┌──

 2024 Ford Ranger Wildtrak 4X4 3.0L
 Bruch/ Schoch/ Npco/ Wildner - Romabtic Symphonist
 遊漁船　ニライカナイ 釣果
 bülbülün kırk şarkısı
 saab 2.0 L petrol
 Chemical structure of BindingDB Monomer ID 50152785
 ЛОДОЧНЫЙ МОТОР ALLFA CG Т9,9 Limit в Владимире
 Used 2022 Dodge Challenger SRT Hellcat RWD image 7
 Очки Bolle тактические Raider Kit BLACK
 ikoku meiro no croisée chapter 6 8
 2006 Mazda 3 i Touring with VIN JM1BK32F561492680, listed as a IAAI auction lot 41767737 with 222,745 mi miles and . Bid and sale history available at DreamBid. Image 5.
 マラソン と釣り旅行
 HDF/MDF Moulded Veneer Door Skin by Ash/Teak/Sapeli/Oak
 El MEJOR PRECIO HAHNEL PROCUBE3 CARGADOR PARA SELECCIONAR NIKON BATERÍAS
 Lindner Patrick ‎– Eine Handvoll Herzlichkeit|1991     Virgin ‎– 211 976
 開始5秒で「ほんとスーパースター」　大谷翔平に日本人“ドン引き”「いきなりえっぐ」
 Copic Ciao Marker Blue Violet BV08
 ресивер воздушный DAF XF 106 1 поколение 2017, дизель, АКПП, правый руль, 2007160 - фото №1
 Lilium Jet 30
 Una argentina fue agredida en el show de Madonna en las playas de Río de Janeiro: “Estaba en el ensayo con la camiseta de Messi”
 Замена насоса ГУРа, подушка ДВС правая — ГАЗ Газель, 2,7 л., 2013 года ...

└──

** What is required **
In the material above, find the line with "Copic Ciao Marker Blue Violet BV08"; then copy it and every line after it, exactly, through the end.

** Output for this task **
 Copic Ciao Marker Blue Violet BV08
 ресивер воздушный DAF XF 106 1 поколение 2017, дизель, АКПП, правый руль, 2007160 - фото №1
 Lilium Jet 30
 Una argentina fue agredida en el show de Madonna en las playas de Río de Janeiro: “Estaba en el ensayo con la camiseta de Messi”
 Замена насоса ГУРа, подушка ДВС правая — ГАЗ Газель, 2,7 л., 2013 года ...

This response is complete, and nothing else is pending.